Vietnamese businessman

Nguyễn Đình Trung (born 1972) is a Vietnamese businessman and property developer. He is the Hung Thinh Corporation's chairman. He was named one of Vietnam's top real estate developers by Forbes Vietnam.

== Early life and education ==
Nguyễn Đình Trung was born in 1972 in Thái Bình. He grew up in Bình Định. In 1990, he entered college and later graduated with a degree in accounting.

== Career ==
=== Hung Thinh Corporation ===
In 2002, he founded Hung Thinh Land, which at that time was known as Dong Tien Trading Investment Advisory Services Co., Ltd.

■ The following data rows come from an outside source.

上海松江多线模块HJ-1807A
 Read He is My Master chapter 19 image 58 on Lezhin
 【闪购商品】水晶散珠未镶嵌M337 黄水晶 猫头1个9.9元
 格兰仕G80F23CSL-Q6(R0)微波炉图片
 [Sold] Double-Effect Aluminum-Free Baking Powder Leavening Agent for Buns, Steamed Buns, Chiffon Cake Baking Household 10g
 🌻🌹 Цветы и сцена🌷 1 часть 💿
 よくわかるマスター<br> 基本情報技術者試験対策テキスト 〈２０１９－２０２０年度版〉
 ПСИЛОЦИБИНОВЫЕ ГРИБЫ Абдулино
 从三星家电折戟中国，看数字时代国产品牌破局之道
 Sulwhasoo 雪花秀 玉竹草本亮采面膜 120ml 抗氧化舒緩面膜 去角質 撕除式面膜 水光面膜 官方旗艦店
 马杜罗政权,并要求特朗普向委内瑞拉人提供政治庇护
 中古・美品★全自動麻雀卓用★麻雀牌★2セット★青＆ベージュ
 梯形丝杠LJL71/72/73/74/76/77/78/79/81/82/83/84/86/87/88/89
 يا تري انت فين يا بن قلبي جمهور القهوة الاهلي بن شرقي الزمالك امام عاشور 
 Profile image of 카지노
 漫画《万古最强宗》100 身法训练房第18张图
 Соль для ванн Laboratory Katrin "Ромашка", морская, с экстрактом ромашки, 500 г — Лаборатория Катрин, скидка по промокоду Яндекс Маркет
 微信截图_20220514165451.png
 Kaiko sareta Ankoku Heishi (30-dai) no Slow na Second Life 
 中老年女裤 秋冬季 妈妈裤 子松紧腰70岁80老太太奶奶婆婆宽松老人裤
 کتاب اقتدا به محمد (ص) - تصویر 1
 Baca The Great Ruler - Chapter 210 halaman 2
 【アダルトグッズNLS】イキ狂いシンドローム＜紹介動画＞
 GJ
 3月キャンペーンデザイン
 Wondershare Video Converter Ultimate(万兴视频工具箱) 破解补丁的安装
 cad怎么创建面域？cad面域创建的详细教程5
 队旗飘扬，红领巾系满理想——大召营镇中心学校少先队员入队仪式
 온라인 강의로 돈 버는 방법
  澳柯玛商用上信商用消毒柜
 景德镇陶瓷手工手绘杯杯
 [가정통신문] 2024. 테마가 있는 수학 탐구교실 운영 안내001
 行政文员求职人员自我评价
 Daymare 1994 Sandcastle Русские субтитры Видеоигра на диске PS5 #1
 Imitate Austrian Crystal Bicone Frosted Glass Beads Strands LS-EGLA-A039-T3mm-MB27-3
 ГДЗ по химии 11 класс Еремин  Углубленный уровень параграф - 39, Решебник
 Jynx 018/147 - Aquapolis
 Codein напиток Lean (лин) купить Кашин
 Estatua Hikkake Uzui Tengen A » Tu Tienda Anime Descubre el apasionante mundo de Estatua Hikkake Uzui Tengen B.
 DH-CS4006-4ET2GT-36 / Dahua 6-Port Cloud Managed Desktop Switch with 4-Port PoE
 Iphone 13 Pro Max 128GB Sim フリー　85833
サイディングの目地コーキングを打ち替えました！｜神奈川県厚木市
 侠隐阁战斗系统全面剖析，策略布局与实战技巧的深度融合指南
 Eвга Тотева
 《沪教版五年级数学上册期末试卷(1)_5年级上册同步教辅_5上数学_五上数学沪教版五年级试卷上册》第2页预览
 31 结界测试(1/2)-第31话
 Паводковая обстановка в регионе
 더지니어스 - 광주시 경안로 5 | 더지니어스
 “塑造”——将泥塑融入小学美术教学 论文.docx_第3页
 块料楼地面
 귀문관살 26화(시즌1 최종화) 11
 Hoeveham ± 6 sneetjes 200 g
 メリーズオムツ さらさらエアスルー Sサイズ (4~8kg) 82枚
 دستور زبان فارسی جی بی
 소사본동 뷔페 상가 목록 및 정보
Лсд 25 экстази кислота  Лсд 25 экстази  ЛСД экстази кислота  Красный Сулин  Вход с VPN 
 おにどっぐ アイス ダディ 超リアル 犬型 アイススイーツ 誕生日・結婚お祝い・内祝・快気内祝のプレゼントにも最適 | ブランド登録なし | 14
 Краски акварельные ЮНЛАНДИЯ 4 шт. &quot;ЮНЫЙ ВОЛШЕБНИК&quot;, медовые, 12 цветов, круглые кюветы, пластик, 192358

In 2007, the company's name was changed to Hung Thinh Real Estate Business Investment Joint Stock Company (Hung Thinh Corporation).

The first real estate project that Trung and his company invested in was Thiên Nam Apartment (District 10, Ho Chi Minh City) – which was acquired from Temexim in 2009.

On May 16, 2011, Hung Thinh Corporation held a press conference at Sheraton Hotel to announce the appointment of MC Nguyễn Cao Kỳ Duyên as their brand ambassador. Chairman Trung said that this decision was part of the company's market expansion strategy, due to MC Duyên's influence on the overseas Vietnamese community.

In 2014, Hung Thinh appointed An Le, former US Consul General in Ho Chi Minh City between 2010 and 2013, as its international advisor. Chairman Trung said the move would aid in promoting properties to overseas Vietnamese.

In 2016, Trung was appointed as Vice Chairman of Ho Chi Minh City Real Estate Association (HOREA). He later revealed that Hung Thinh had acquired 14 real estate projects in Ho Chi Minh City, Khanh Hoa and Vung Tau that year – including An Lac Plaza and Western Plaza.

In 2017, Hung Thinh signed a contract with Phat Dat Real Estate Development Corporation to acquire ownership of the Cam Ranh Mystery Villas. According to chairman Trung, the company at that time had developed about 30 real estate projects.

In 2019, Trung started investing in technology development – by signing contracts with FPT, TMA, NashTech and other technological institutes.

== Other interests and recognition ==
Trung has acknowledged that he is a fan of sports – specifically tennis and football. In 2019, Hung Thinh signed a contract with VFF to become a sponsor for Vietnam's national football team.

In its December 2020 issue, Forbes Vietnam ranked Trung as one of the Top 10 property developers in Vietnam at that time.